Ясные синие глаза Чарли весело блеснули, и чудесная улыбка обнажила его крепкие белые зубы.
– Боюсь, ты лишаешь себя истинных удовольствий. Знаешь, ведь молодость так коротка.
– Наверно. Но чего-то достичь в мире может только человек целеустремленный. Граф Честерфилд лучше всех сказал о занятии любовью: удовольствие мимолетное, положение смехотворное, а плата черт-те какая. Это природный инстинкт, и его невозможно в себе задавить, но жалок и глуп тот, кто позволит ему сбить себя с избранного пути. Мне это уже не грозит. Еще через несколько лет я начисто избавлюсь от этого искушения.
– А если вдруг в один прекрасный день ты влюбишься, неужели сумеешь себе это запретить? Такое ведь случается даже с самыми рассудительными людьми.

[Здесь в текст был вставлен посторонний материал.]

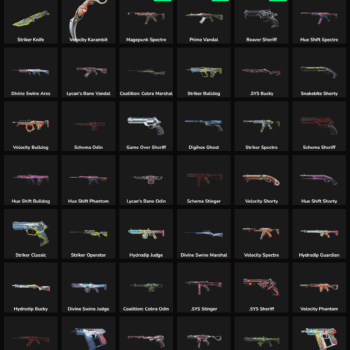 42 Skins Inactive | NA 🇺🇸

Саймон бросил на него странный, пожалуй, даже враждебный взгляд.
– Я вырву любовь из своего сердца, как выдернул бы изо рта гнилой зуб.
– Это легче сказать, чем сделать.
– Знаю. Все, что чего-то стоит, сделать нелегко, но такова одна из странностей человеческой природы: когда это касается самосохранения, когда нужно сделать что-то, от чего зависит само твое существование, нужные силы находятся.
Чарли промолчал. Если бы кто-нибудь другой говорил с ним как говорил в этот вечер Саймон, он счел бы это позой, желанием пустить пыль в глаза. За три года в Кембридже он наслушался вдоволь сумасбродных речей и при своем здравомыслии и спокойном юморе научился придавать им не больше значения, чем они того заслуживали. Но он знал, Саймон никогда не говорил, лишь бы поразить собеседника. Слишком он презирал мнение окружающих и ради того, чтобы вызвать у них восхищенье, не стал бы говорить не то, что думает. Он искренен и бесстрашен. Если он сказал, что думает то-то и то-то, без сомнения, так оно и есть, а если сказал, что поступил так или эдак, можно без колебаний ему поверить. Но и образ жизни Саймона, только что им описанный, показался Чарли ужасным и неестественным, и его идеи, изложенные столь подробно, что ясно было, как хорошо они продуманы, показались ему чудовищными и возмутительными. Он заметил, что Саймон избегал говорить о цели, ради которой столь сурово себя тренировал; но в Кембридже он был ярым коммунистом, и естественно было предположить, что он готовился сыграть роль в революции, которую все они тогда предвкушали в ближайшем будущем. Чарли, больше всего поглощенный искусством, слушал горячие споры, гремевшие в комнате Саймона, с интересом, но вовсе не чувствовал, будто это касается и его. Если бы ему пришлось высказать свой взгляд на предмет споров, о котором он никогда всерьез не задумывался, он согласился бы со своим отцом: что бы ни происходило на Континенте, а уж Англии-то коммунизм не грозит; от каши, которую заварили в России, толку явно нет; в мире всегда были и всегда будут богатые и бедные; английский рабочий слишком трезво мыслит, он не позволит безответственным агитаторам себя провести, и притом ему совсем неплохо живется.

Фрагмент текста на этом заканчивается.